Il primo racconto è decisamente quello che mi è piaciuto di meno, diretto da Yoshihiro Nakamura, che dei cinque registi è quello che abbandonerà ben presto l'horror per darsi principalmente alla commedia.
Il racconto della donna ragno nelle premesse poteva essere uno dei miei preferiti perché basato su leggende metropolitane e storie da passaparola (e su queste cose sono come Dylan Dog con gli alieni, "non ci credo ma un po' ci spero"). Lo sviluppo del racconto è carino, eppure arrivati alla svolta finale ho finito per trovarlo privo di mordente, atmosfera e capacità di inquietare; la mazzata finale gliela danno gli effetti speciali, inguardabili, assolutamente inguardabili.
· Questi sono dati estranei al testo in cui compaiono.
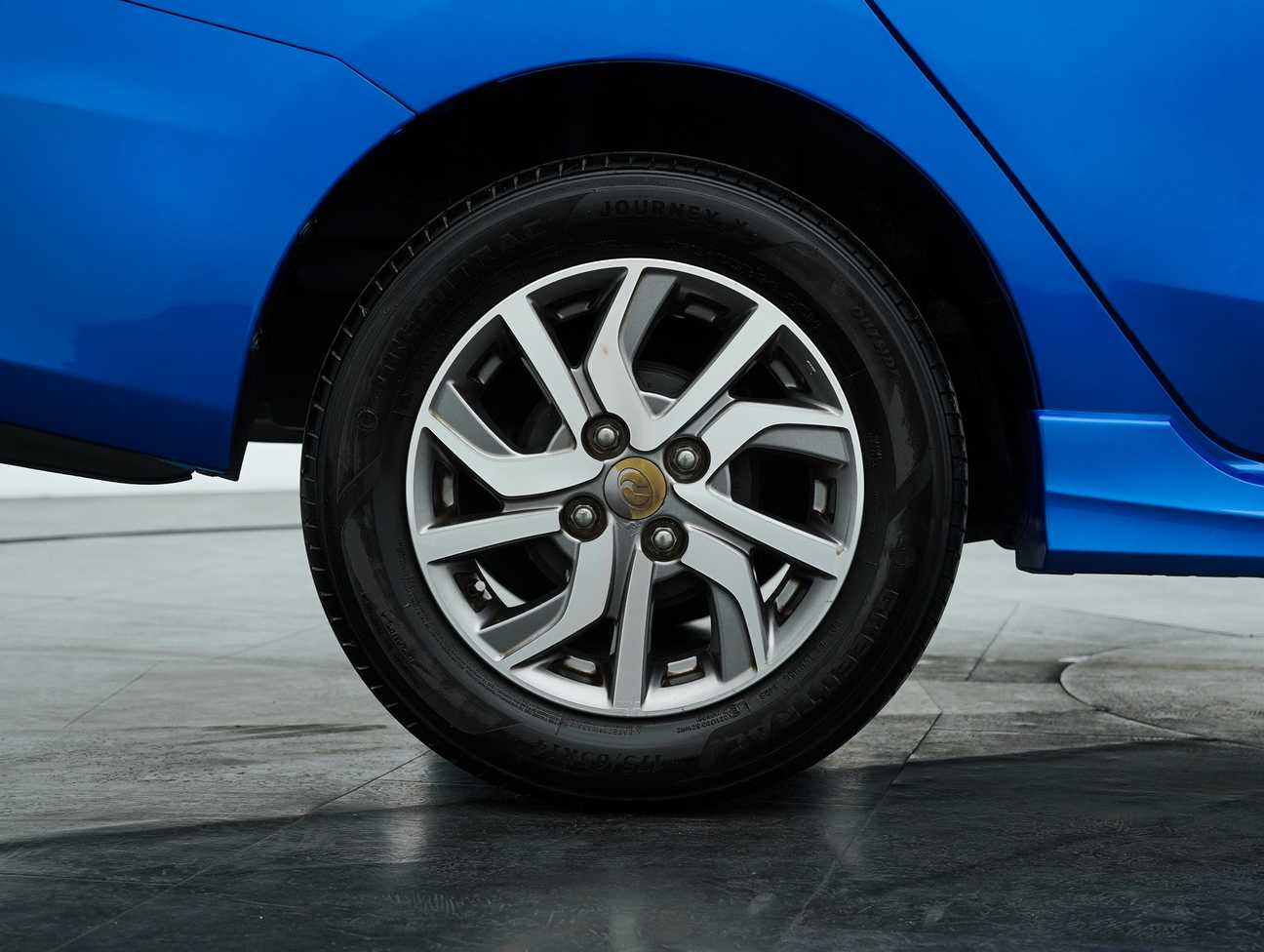 used 2017 Perodua Bezza Advance 1.3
La cosa non è perdonabile per via degli scarsi mezzi economici a disposizione anzi l'aver voluto insistere nel mostrare, con simili effetti per di più, così nettamente la creatura è un grosso passo falso, a maggior ragione il regista avrebbe potuto puntare sul non visto e sul fascino misterioso e irrisolto da leggenda metropolitana, cosa che nelle prime fasi del racconto stava funzionando bene.
Nakamura fa molto meglio nella cornice, diretta da lui.
La povertà della messa in scena, e tutto sommato delle regie molto statiche e basilari, oltre che un primo racconto che alla fine mi ha lasciato molto deluso (per non dire che mi ha proprio fatto cacàre) sono compensate dalla mia fascinazione per i film horror antologici e da almeno tre racconti su cinque molto carini nel loro piccolo, soprattutto quello di Ochiai.
Nel complesso, una discreta raccolta di storielle horror giapponesi.